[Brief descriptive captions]
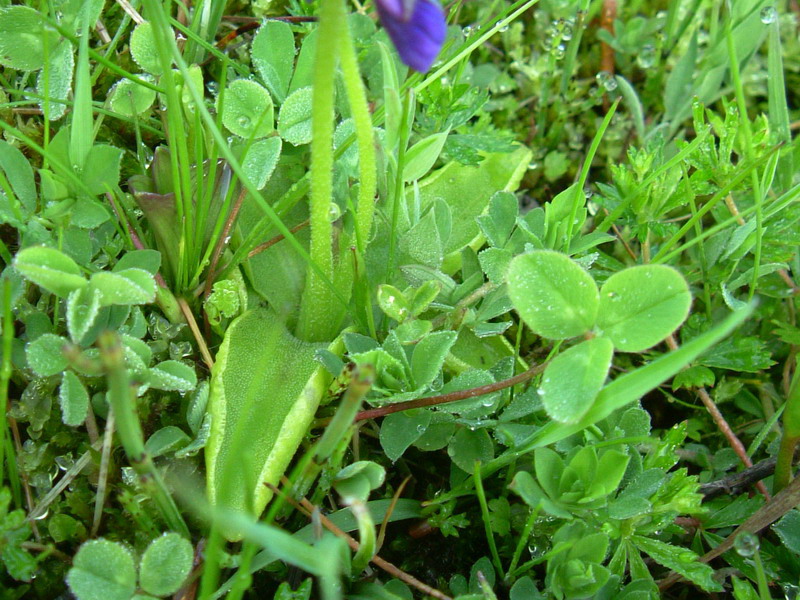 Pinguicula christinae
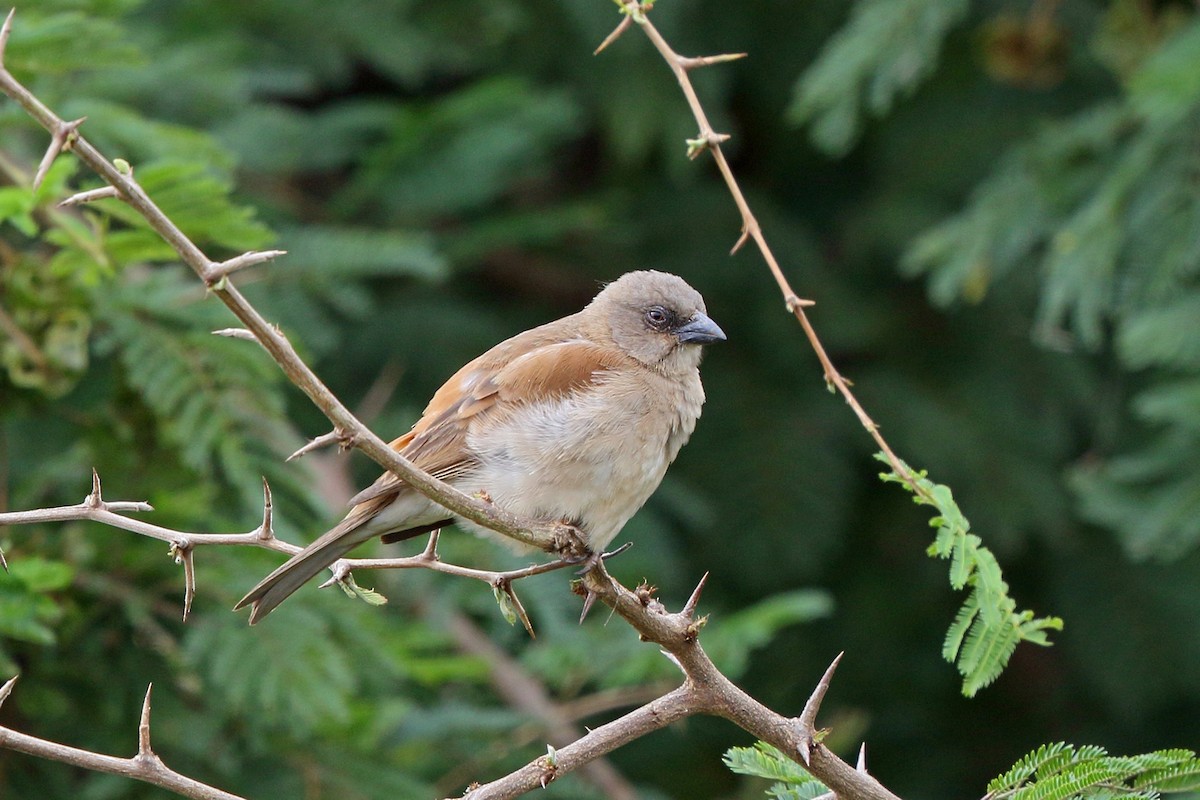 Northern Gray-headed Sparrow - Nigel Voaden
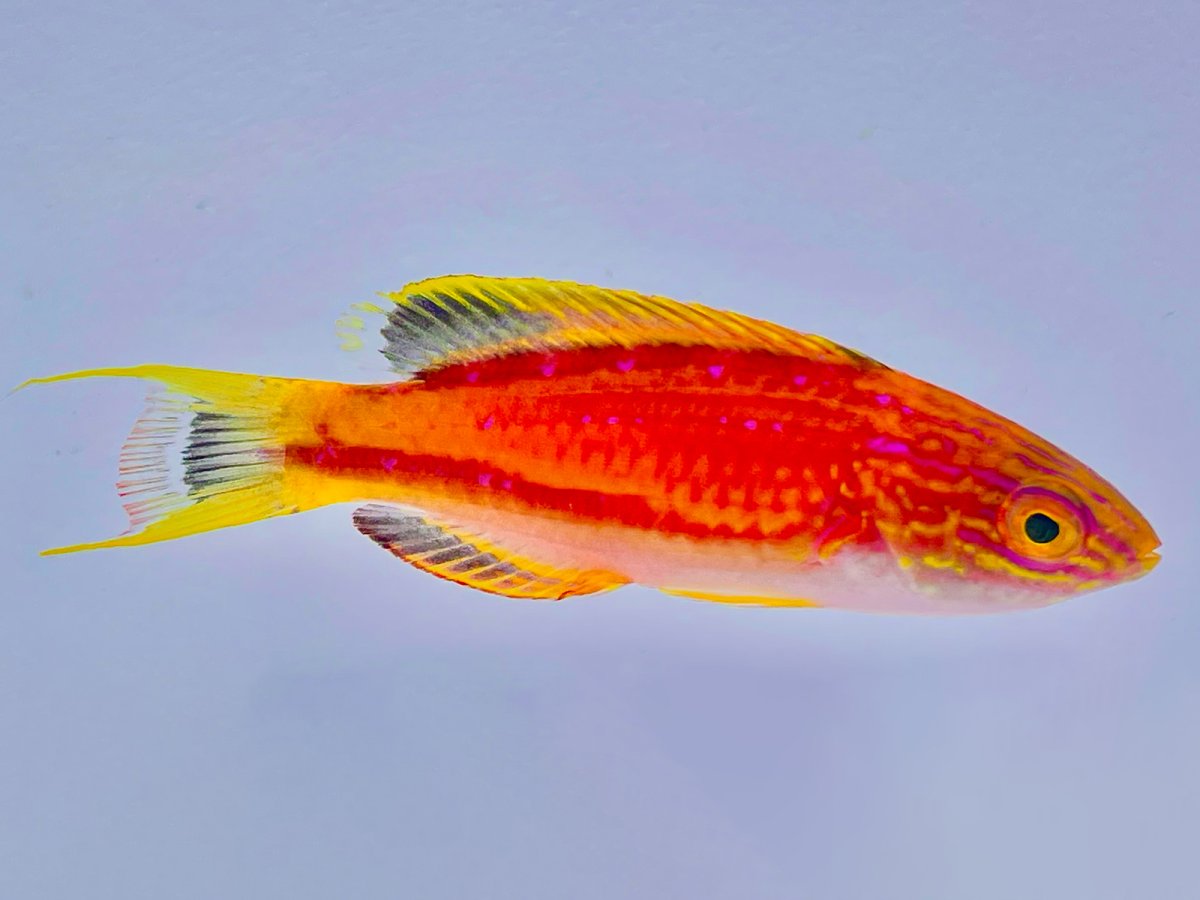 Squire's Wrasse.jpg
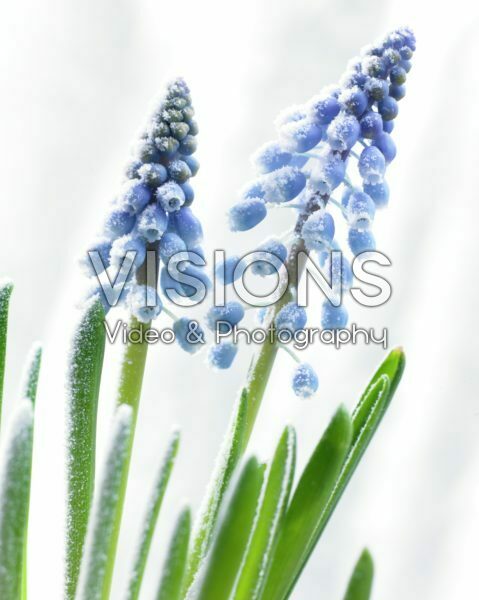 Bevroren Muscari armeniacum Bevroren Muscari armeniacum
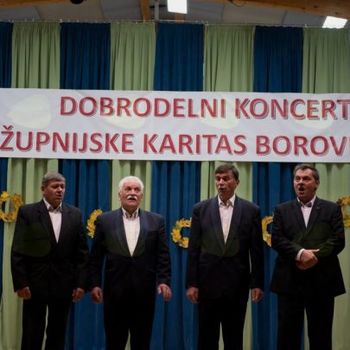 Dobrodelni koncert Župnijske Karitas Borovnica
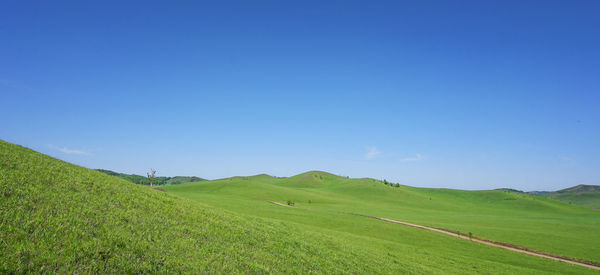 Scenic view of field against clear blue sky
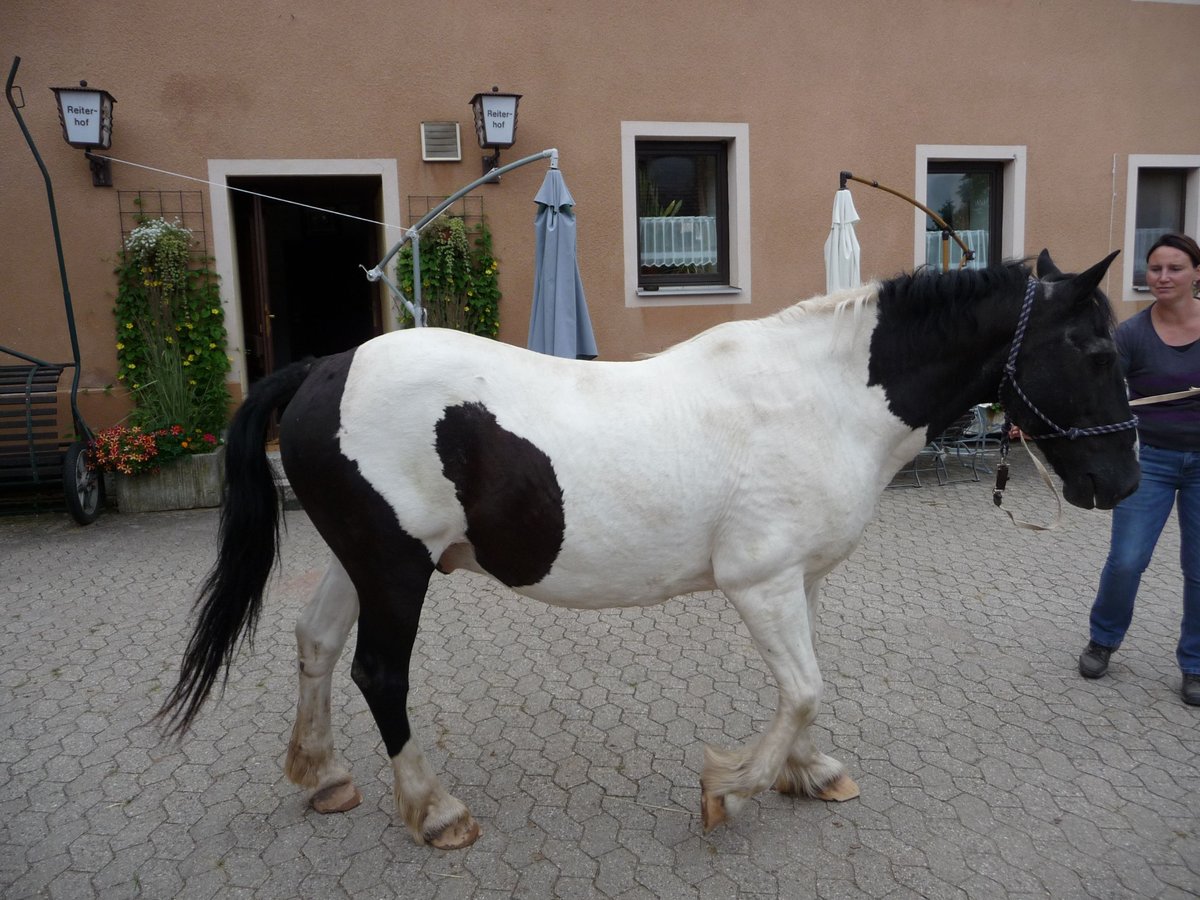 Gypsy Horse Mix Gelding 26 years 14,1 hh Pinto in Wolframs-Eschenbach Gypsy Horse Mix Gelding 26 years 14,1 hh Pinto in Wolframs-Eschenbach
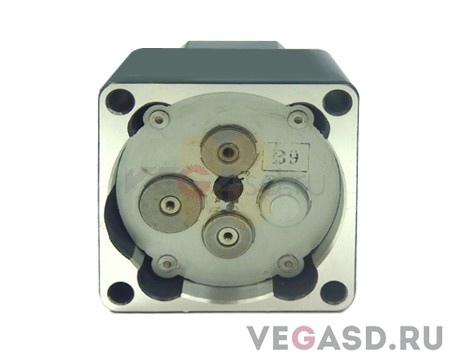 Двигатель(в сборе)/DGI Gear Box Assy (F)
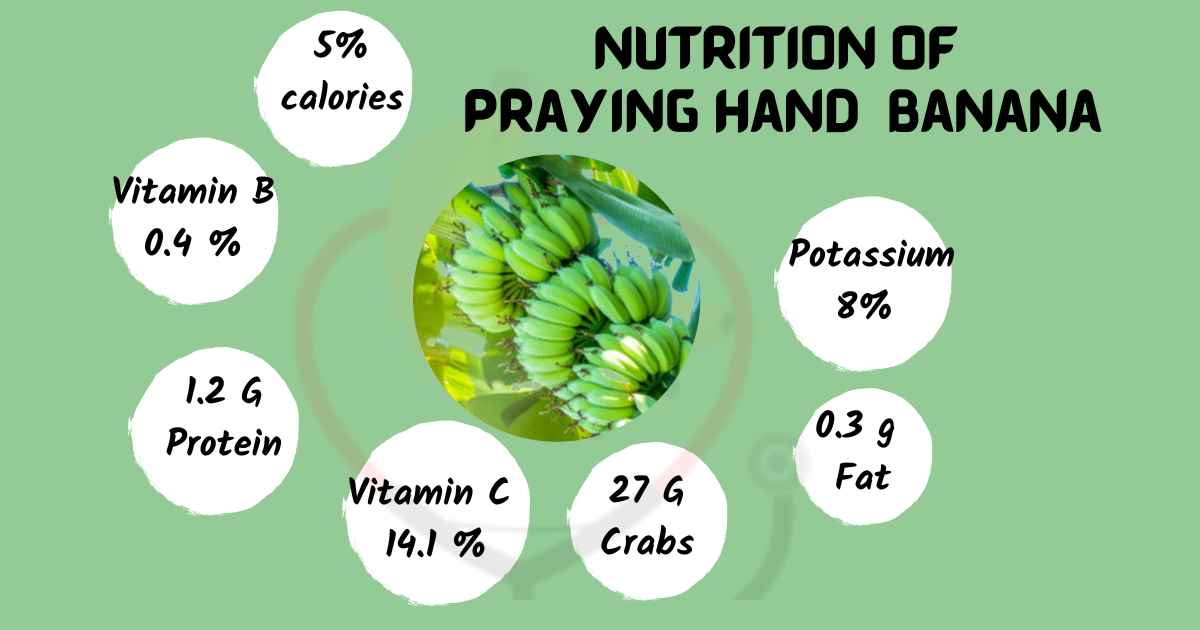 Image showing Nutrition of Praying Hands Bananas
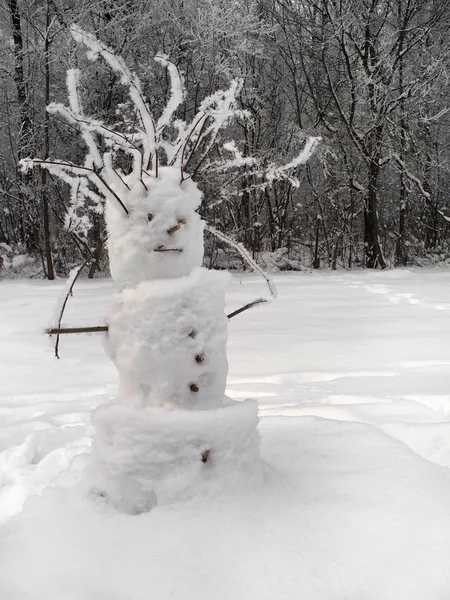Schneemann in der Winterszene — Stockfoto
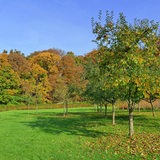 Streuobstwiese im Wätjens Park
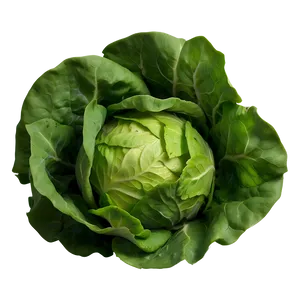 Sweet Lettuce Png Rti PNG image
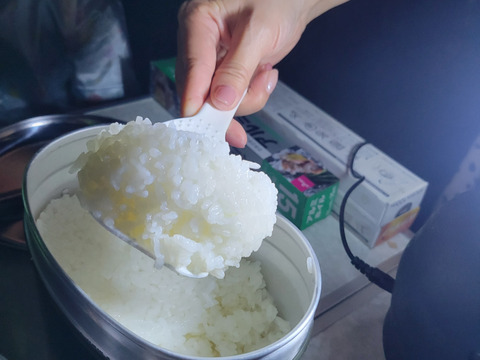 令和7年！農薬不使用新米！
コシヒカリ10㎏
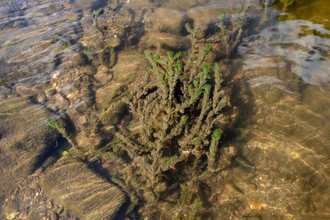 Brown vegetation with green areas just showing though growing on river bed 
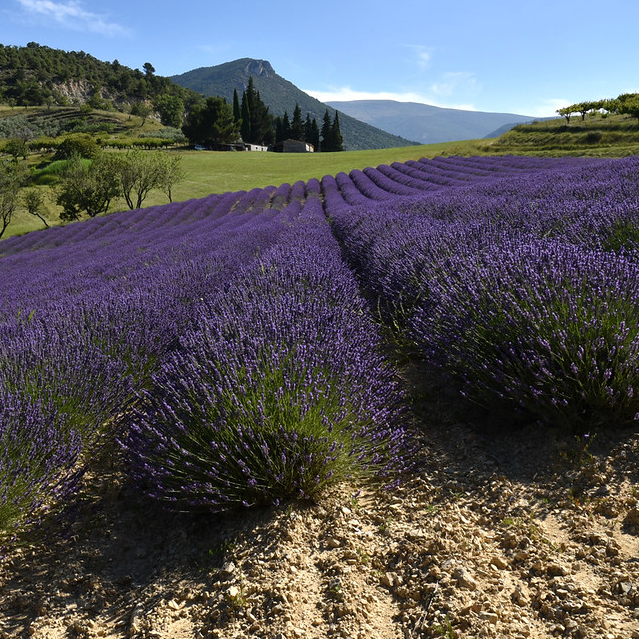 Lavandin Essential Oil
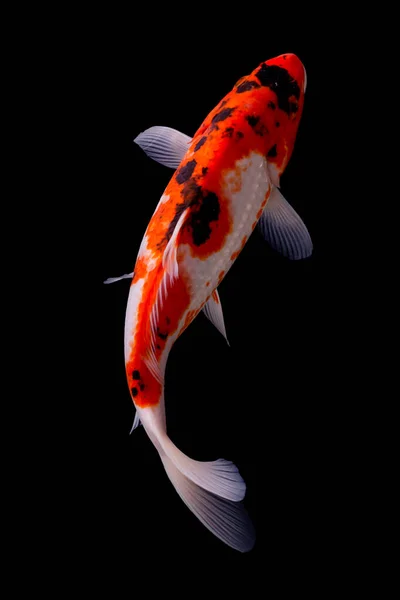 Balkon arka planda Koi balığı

## WORK INSTRUCTIONS
Except for the pictures, set down all of the records exactly as they are.

## EXERCISE RESPONSE
 Pinguicula christinae
 Northern Gray-headed Sparrow - Nigel Voaden
 Squire's Wrasse.jpg
 Bevroren Muscari armeniacum Bevroren Muscari armeniacum
 Dobrodelni koncert Župnijske Karitas Borovnica
 Scenic view of field against clear blue sky
 Gypsy Horse Mix Gelding 26 years 14,1 hh Pinto in Wolframs-Eschenbach Gypsy Horse Mix Gelding 26 years 14,1 hh Pinto in Wolframs-Eschenbach
 Двигатель(в сборе)/DGI Gear Box Assy (F)
 Image showing Nutrition of Praying Hands Bananas
Schneemann in der Winterszene — Stockfoto
 Streuobstwiese im Wätjens Park
 Sweet Lettuce Png Rti PNG image
 令和7年！農薬不使用新米！
コシヒカリ10㎏
 Brown vegetation with green areas just showing though growing on river bed 
 Lavandin Essential Oil
 Balkon arka planda Koi balığı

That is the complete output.